- [The input]
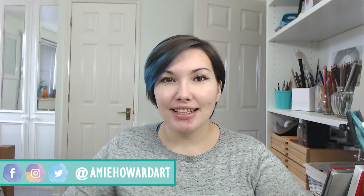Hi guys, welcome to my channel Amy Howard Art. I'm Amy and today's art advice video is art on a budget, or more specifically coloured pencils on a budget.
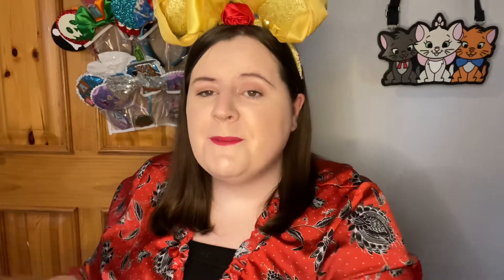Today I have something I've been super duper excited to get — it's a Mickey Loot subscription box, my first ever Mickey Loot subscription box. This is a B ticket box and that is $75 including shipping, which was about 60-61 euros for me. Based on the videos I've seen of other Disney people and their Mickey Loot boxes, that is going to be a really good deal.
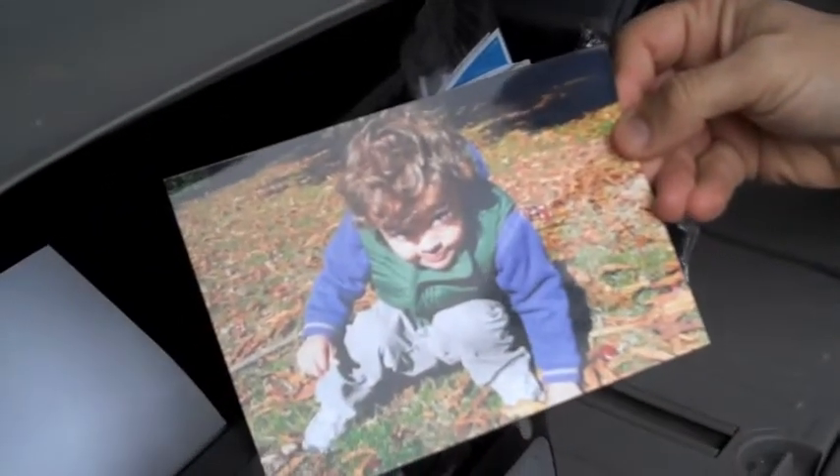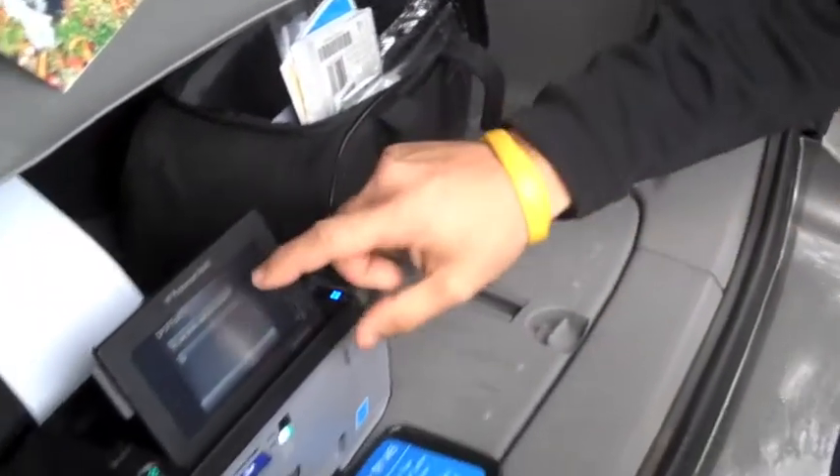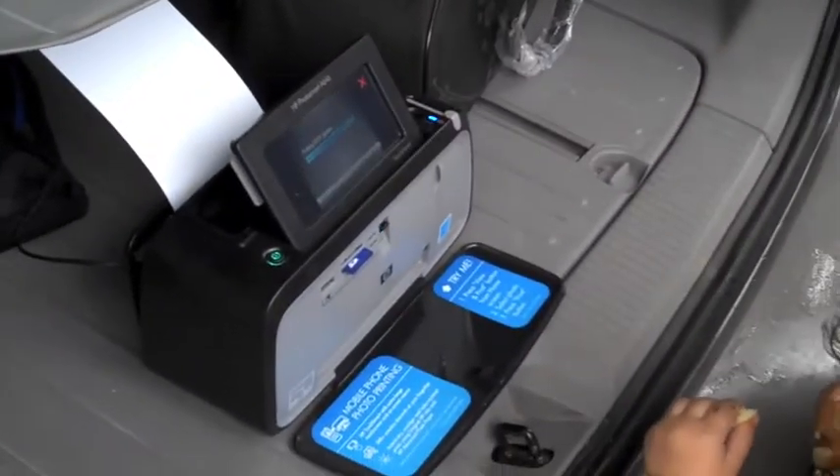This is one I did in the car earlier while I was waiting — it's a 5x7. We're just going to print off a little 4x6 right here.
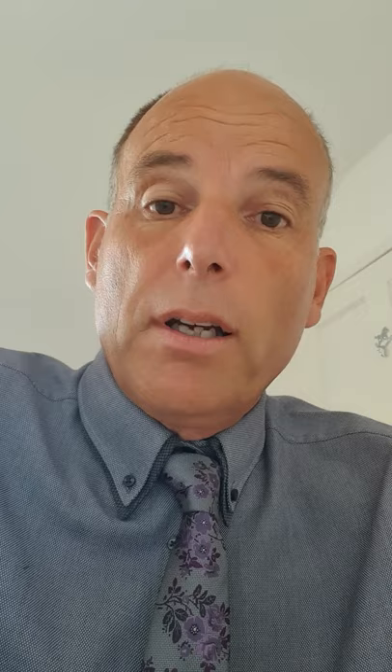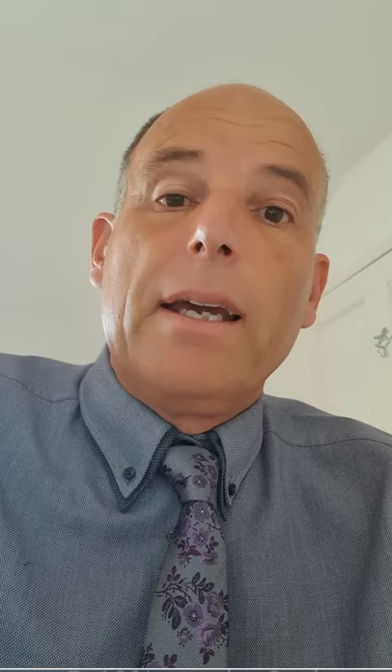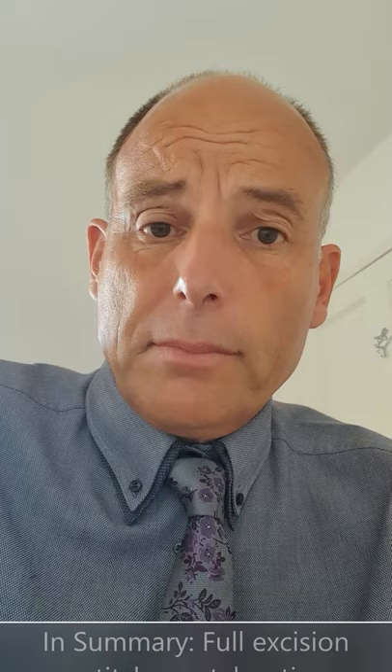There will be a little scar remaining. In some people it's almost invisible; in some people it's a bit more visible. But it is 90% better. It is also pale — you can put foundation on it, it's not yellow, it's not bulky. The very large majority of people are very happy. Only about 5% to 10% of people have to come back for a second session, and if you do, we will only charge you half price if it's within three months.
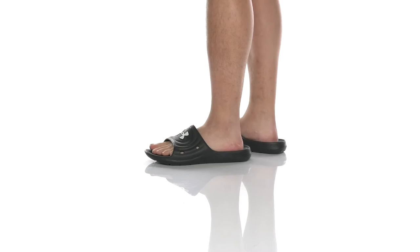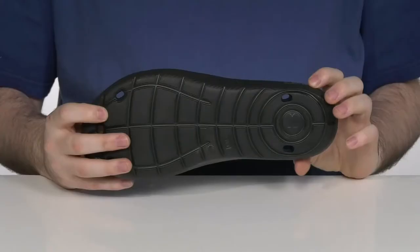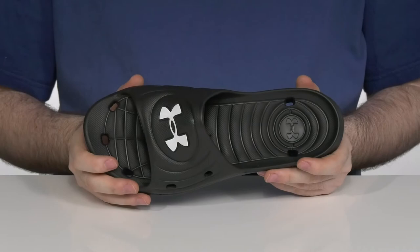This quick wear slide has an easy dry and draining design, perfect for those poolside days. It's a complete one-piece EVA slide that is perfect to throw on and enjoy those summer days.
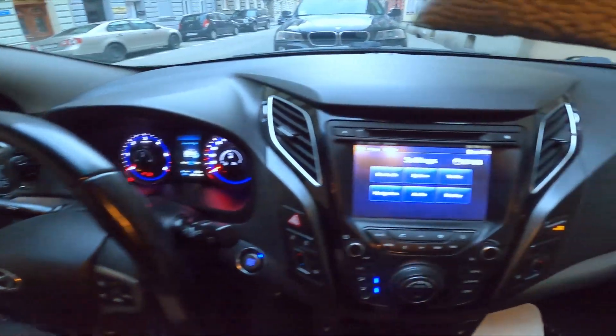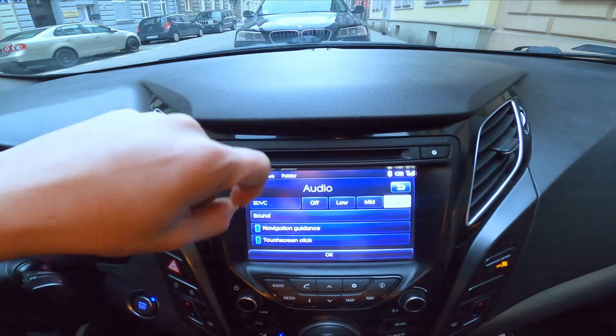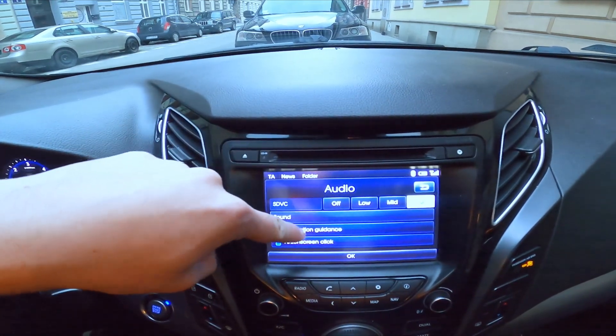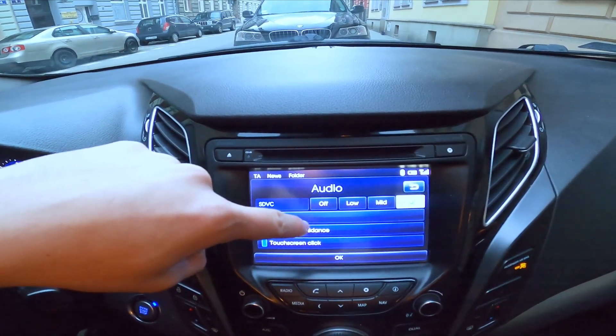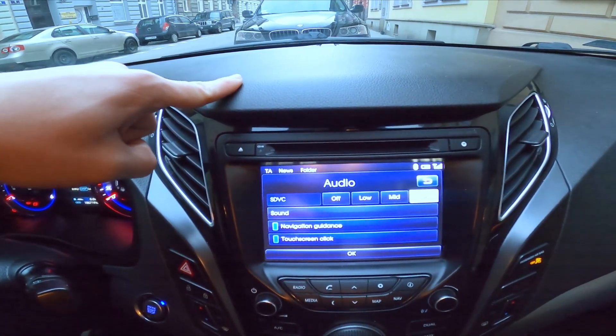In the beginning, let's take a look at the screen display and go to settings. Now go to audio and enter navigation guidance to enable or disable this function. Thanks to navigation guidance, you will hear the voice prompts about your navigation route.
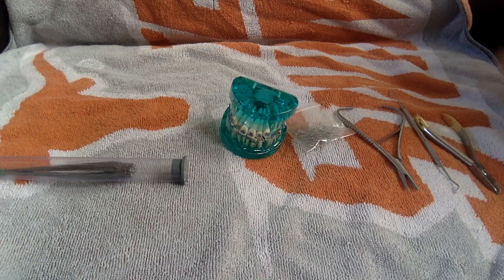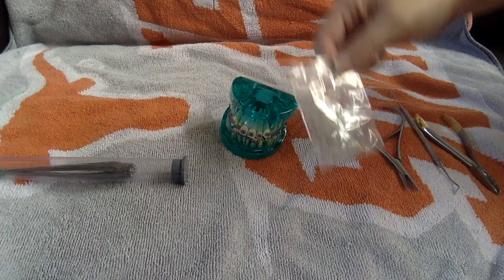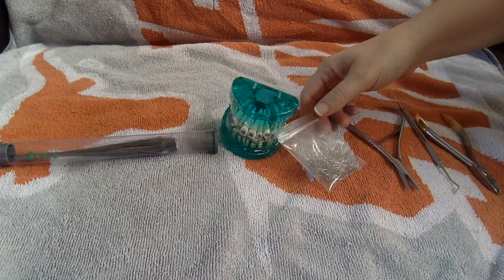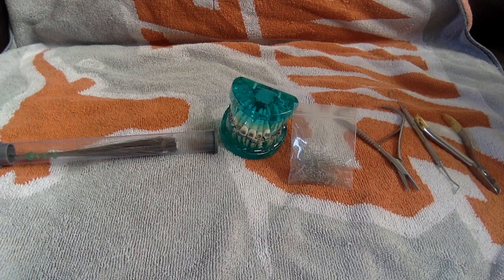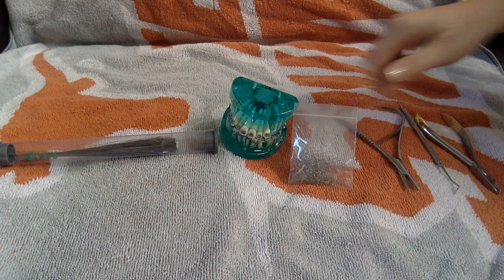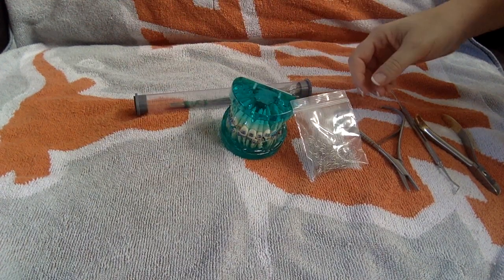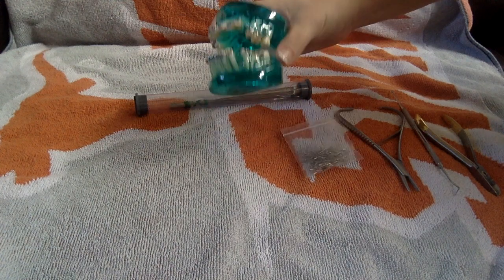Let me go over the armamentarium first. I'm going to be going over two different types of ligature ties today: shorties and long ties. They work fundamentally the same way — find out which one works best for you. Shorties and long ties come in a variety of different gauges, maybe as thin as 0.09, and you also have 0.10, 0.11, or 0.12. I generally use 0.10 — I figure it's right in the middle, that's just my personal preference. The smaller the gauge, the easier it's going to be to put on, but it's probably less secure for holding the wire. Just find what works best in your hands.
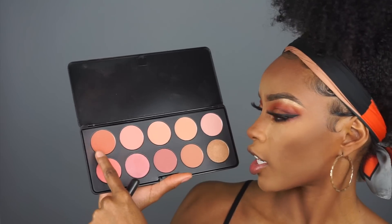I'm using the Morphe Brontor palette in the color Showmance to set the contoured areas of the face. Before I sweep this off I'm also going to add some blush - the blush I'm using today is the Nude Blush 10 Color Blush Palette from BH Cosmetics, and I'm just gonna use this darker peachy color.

- [How to complete this task]
Print once more, exactly, the lines from the one with "This is one" through the last line of the data, both ends included, without any pictures.

- [Task result]
This is one I did in the car earlier while I was waiting — it's a 5x7. We're just going to print off a little 4x6 right here.
There will be a little scar remaining. In some people it's almost invisible; in some people it's a bit more visible. But it is 90% better. It is also pale — you can put foundation on it, it's not yellow, it's not bulky. The very large majority of people are very happy. Only about 5% to 10% of people have to come back for a second session, and if you do, we will only charge you half price if it's within three months.
This quick wear slide has an easy dry and draining design, perfect for those poolside days. It's a complete one-piece EVA slide that is perfect to throw on and enjoy those summer days.
In the beginning, let's take a look at the screen display and go to settings. Now go to audio and enter navigation guidance to enable or disable this function. Thanks to navigation guidance, you will hear the voice prompts about your navigation route.
Let me go over the armamentarium first. I'm going to be going over two different types of ligature ties today: shorties and long ties. They work fundamentally the same way — find out which one works best for you. Shorties and long ties come in a variety of different gauges, maybe as thin as 0.09, and you also have 0.10, 0.11, or 0.12. I generally use 0.10 — I figure it's right in the middle, that's just my personal preference. The smaller the gauge, the easier it's going to be to put on, but it's probably less secure for holding the wire. Just find what works best in your hands.
I'm using the Morphe Brontor palette in the color Showmance to set the contoured areas of the face. Before I sweep this off I'm also going to add some blush - the blush I'm using today is the Nude Blush 10 Color Blush Palette from BH Cosmetics, and I'm just gonna use this darker peachy color.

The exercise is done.